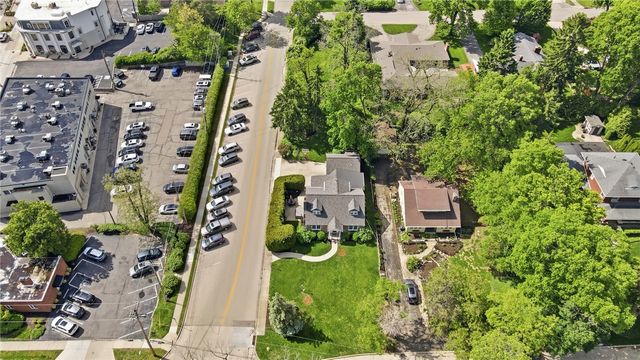 24 Peach Orchard Road, Oakwood, OH 45419
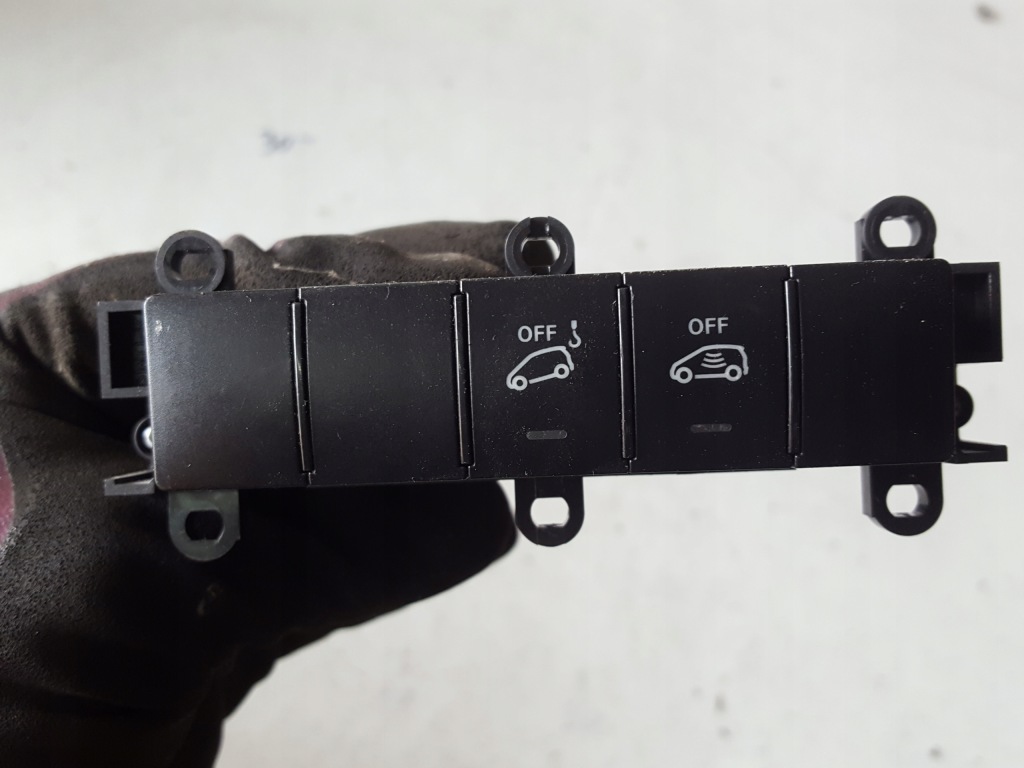 Купити Mercedes-benz оригінальний номер 1698208410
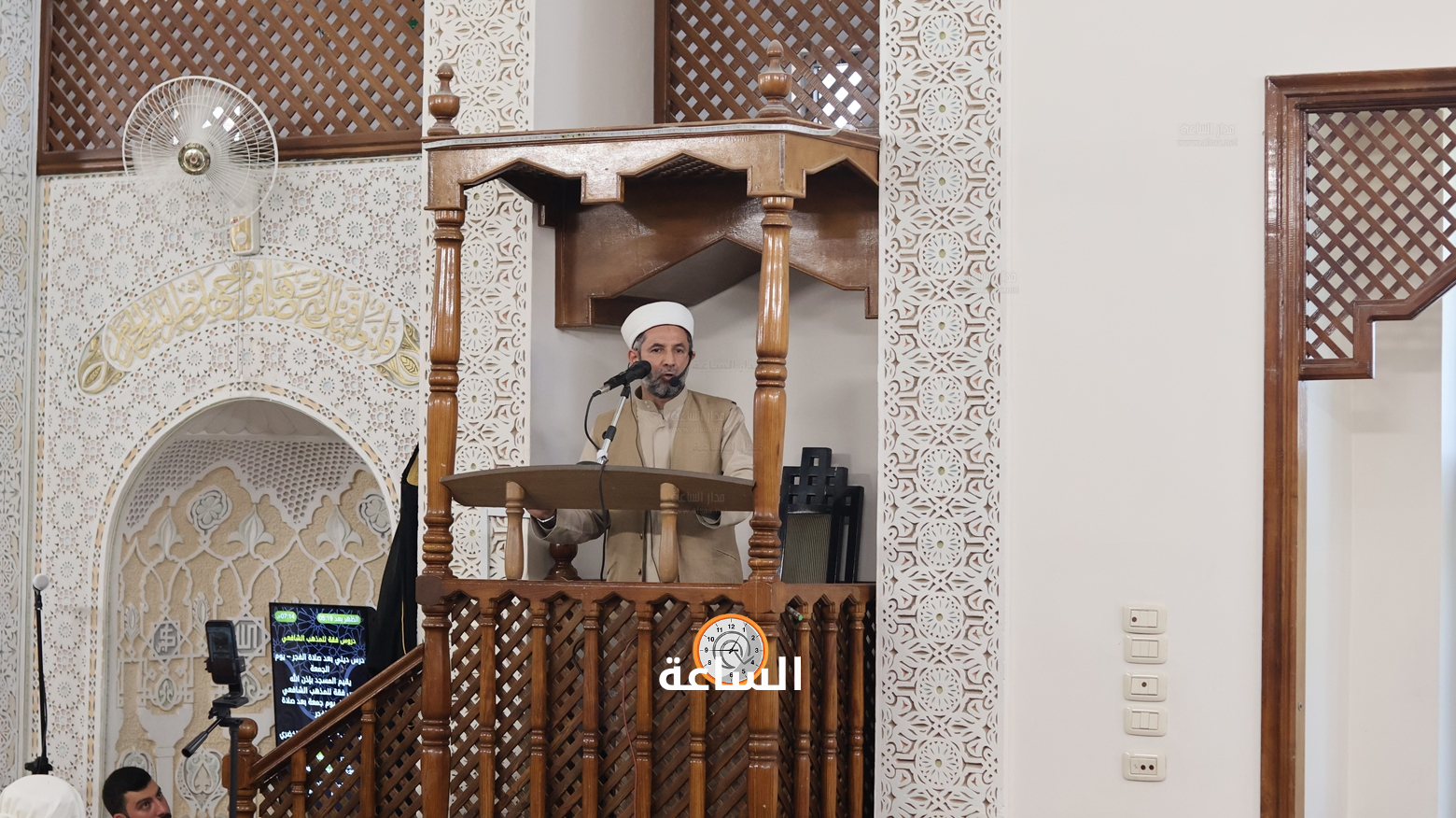 Madar Al-Saa Images 0.46416144468332177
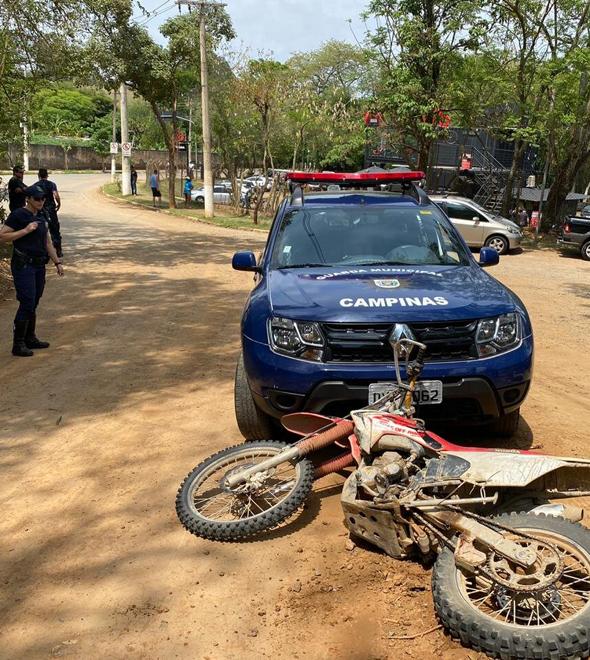 Motociclista com drogas faz lambança em Joaquim Egídio (Divulgação)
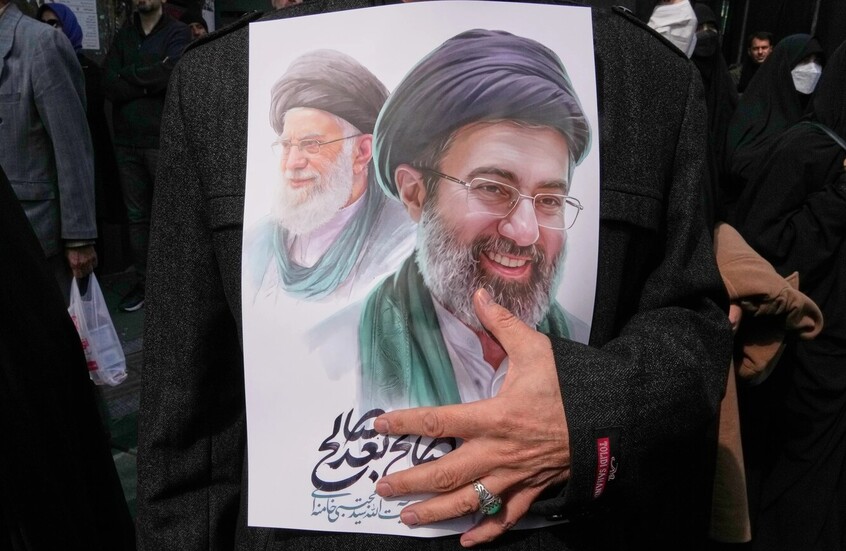 المرشد الأعلى في إيران: علينا أن نحبط العدو ونهزمه في مرحلة الجهاد الاقتصادي والثقافي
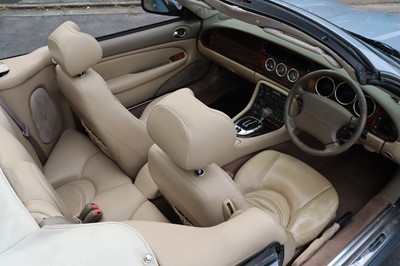 Lot 101 - 2004 Jaguar XK8 Convertible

• What you need to do:
Repeat word for word only the lines from the line holding "المرشد الأعلى في" to the final line of the material, both included. Don't carry over any picture.

• Response below:
 المرشد الأعلى في إيران: علينا أن نحبط العدو ونهزمه في مرحلة الجهاد الاقتصادي والثقافي
 Lot 101 - 2004 Jaguar XK8 Convertible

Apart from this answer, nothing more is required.